Hey everyone! I'm relaxing on the Riviera Maya this week and won't be back until Tuesday 25th.
To make the wait more bearable, here's a short reflection I wrote during the flight on the deliberate choices we make when we write and the inestimable value of the stories that fill our lives.
I was reading Borges' Fictions the other day, in particular the tale by the name "The Circular Ruins." One passage made me look up from the book and focus my sight on my thoughts, not in a sort of unwanted distraction, but because it broke my imagination:
"That twilight, he dreamed of the statue. He dreamed it alive, trembling: it was not an atrocious bastard of a tiger and a foal, but at once those two vehement creatures and also a bull, a rose, a tempest."
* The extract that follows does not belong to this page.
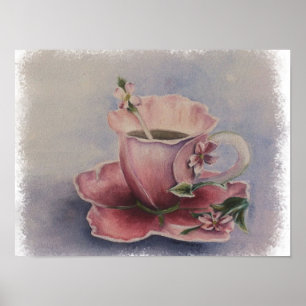 Cherry Blommar Tea Poster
One question filled my mind: "Why." Why those words and not others? Why his choices and how did he make them? What was he thinking when such beautiful, evocative, and abstract sentences occurred to him?
And suddenly I wished above everything else that I could ask him. Ask him to reveal to me the mind behind the words. The story behind them. Because that's what suddenly was meaningful; that he, and no one else, had thought those thoughts and written those words.
Why the tiger and the foal? Why the bull? Why the rose or the tempest? Why not anything else that could, maybe equally well (although obviously not) fulfill the work of his seemingly arbitrary choices?
And then I realized I could never ask any AI, present or future, these questions. And it's not like I can ask Borges (or I could was he still among us), but even the idea of trying to find something—anything—behind the artificially generated tokens of a language model, appears to me, right now, tremendously absurd.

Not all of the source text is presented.